Lynn Yarne [on left] and Shu-Ju Wang [on right] are local Portland artists. They have been working on a mural that will center the history of Goose Hollow.

May Cole

For many students, the Goose Hollow neighborhood brings to mind Lincoln High School, Providence Park or the Multnomah Athletic Club. But before any of these places existed, Goose Hollow was home to many different groups, including a community of Chinese farmers who cultivated the land.

In an effort to acknowledge the history of Goose Hollow, artists Lynn Yarne and Shu-Ju Wang are creating a mural that will have a strong focus on community engagement.

“A lot of my art has to do with the community and how we tell stories, but also losses of stories and space,” said Wang.
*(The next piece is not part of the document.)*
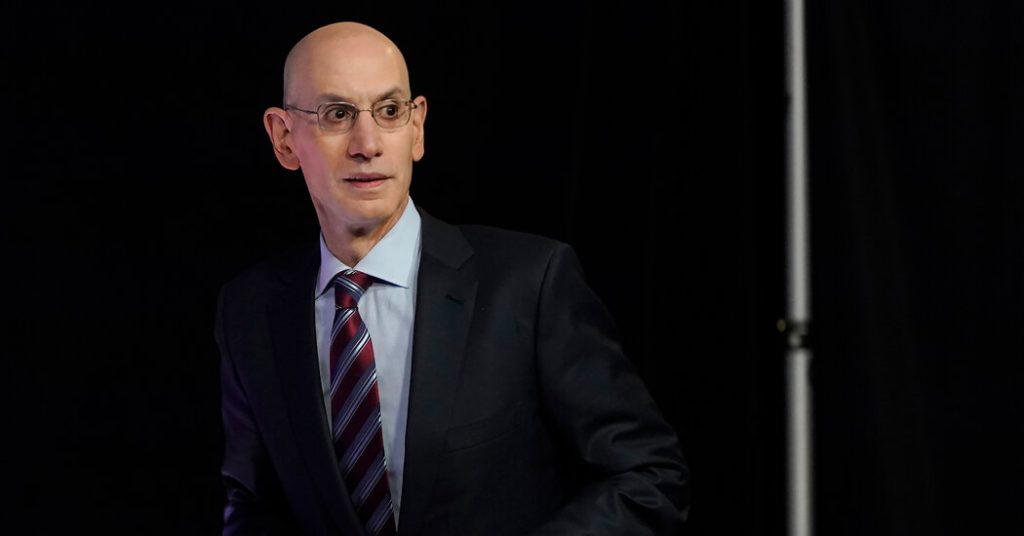 NBA Komiseri Adam Silver, Kyrie Irving’in Yahudi karşıtı olmadığını söyledi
Due to the lack of public acknowledgement, many people are unaware of Goose Hollow’s history.

“Lincoln’s been home to so many different communities and groups that aren’t necessarily considered in mainstream Portland history,” said Yarne. “Growing up and going to Lincoln I really didn’t know anything about the history of Goose Hollow.”

Yarne thinks the mural could serve as an educational tool, sparking conversations among those who pass by.

“The mural could potentially help out with organic ways of learning. You would just naturally pass it, see it and think about it,” said Yarne.

Yarne and Wang plan on representing the history of Goose Hollow in the mural and are still in the conceptual stages of design. Although it’s early on in the process, they do have elements that they plan on incorporating into the final piece. 

Wang described what she wants to reflect in this work.

“A timeline of the area that is represented through ecology and culture,” said Wang. “The mural will give us a chance to talk about the Chinese vegetable gardens… and I was thinking I would use Chinook salmon because… it’s the territory of the Multnomah Chinook people.”

As the artists work towards creating a clear outline, they are planning on holding workshops where they will engage with student groups, staff members, alumni and community stakeholders. They plan to complete the mural by the end of December.

“We are really hoping to collect a very diverse collection of actions and hopes and wishes for the future,” Wang said. “We plan to use people’s actual words that we will collect in the workshops for the mural.”